At the dawn of history, Adam in Paradise
is unable to resist one restriction – the Tree of Knowledge. His reaction, on
being confronted by G-d is intriguing, “And he said: “I heard Thy voice in the
garden, and I was afraid, because I was naked; and I hid myself”.
Adam was not the last to attempt to hide
his shame before G-d. Following his aborted mission to Nineveh, Jonah fled to
Tarshish. What is the difference between hiding and running away?
Yonatan ben Uziel comments that Adam
hid, not because of his nakedness, but from fear and shame of his sin. Whereas
Jonah indulged in escapism, Adam had the courage to stay put and admit his
guilt. He never fled from the Garden, but he had to be thrown out.
A generation later, the picture changes.
Parents who compromise the word of G-d, and think that they can live in Paradise
on their own terms, stand aghast as they see their family torn apart, with
brother killing brother.
This time, no one hides. Adam, who
confronted with shame and fear, overhears his son Cain’s arrogant rebuttal: “Am
I my brother’s keeper?”
How quickly things change! How speedy is
the generational transition! Paradise has turned sour, and a family world has
been shattered.
A father faces the shame of lesser
guilt, but a son denies even the most heinous of crimes.
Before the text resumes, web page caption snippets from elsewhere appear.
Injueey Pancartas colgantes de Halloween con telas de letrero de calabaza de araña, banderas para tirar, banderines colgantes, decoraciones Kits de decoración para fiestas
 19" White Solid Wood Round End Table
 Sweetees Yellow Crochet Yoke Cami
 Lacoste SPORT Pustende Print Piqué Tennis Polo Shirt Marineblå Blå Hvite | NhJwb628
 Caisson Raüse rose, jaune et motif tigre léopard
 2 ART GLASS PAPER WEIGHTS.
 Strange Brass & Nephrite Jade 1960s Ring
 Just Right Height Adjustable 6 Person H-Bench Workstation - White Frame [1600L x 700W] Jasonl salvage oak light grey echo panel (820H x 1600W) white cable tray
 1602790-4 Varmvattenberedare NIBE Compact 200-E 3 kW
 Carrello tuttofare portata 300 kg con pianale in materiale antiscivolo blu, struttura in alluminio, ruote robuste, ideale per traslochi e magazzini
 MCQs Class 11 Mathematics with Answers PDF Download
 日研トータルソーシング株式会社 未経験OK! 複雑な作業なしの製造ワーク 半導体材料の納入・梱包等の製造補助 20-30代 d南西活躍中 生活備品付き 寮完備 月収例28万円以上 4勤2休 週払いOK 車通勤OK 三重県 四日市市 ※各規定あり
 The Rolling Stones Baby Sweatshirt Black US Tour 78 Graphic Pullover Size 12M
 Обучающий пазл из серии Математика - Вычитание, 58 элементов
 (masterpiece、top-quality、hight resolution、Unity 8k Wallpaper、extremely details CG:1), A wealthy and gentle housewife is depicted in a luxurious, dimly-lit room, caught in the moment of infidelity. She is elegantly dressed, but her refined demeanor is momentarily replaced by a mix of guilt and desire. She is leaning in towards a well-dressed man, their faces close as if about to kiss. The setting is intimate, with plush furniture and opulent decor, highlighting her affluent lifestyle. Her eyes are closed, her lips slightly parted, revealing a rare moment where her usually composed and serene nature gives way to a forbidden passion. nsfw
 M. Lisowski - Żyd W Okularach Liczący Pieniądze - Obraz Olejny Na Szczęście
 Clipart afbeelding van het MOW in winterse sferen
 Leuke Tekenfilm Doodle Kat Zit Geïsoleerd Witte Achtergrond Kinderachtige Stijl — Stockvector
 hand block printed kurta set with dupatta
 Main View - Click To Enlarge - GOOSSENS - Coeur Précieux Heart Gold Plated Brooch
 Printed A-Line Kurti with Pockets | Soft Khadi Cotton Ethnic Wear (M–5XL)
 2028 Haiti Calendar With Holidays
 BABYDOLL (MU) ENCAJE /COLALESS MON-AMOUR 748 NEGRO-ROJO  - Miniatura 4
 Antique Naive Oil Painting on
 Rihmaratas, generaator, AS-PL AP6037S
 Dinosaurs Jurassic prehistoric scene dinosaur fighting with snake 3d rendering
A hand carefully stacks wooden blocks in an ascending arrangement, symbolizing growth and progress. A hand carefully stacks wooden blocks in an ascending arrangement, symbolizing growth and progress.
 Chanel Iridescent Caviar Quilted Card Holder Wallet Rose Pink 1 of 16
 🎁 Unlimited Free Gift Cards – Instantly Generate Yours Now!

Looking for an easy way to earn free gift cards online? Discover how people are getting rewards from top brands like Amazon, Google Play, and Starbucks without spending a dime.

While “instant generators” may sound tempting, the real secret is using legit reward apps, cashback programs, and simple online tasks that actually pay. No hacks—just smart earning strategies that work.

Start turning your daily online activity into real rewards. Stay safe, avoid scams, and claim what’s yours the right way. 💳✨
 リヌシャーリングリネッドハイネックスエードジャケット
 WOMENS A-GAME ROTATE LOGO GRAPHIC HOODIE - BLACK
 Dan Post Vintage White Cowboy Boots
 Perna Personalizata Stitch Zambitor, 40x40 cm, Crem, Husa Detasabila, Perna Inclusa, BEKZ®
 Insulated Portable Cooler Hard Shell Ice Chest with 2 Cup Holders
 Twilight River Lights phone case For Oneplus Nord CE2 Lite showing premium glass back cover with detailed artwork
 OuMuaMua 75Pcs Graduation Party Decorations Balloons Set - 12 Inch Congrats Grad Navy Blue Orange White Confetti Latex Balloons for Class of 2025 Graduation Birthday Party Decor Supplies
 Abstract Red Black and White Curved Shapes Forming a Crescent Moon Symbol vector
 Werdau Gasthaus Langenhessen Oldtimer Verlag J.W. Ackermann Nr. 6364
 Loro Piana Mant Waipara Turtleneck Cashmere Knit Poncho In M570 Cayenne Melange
Paradise lost, however, can be Paradise
regained. The Almighty, in expelling Adam and Eve from the Garden of Eden,
placed angels called cherubim at the gates, with fiery swords to guard the way.
Rabbi Samson Hirsch notes that the only
other reference to cherubim in the Torah is that of the childlike figurines
placed on the Ark in the Holy of Holies of the sanctuary.
How strange that the symbols of
destruction should be placed on the very symbol of our faith!
The angels at the gates of Paradise,
however, were placed there not to keep man out, but to guide his return. Man’s
quest to find Paradise on earth is fulfilled as he finds the cherubim of G-d.
Placed on the Ark, they plot a new path
to the Paradise that our forefather Adam once forfeited.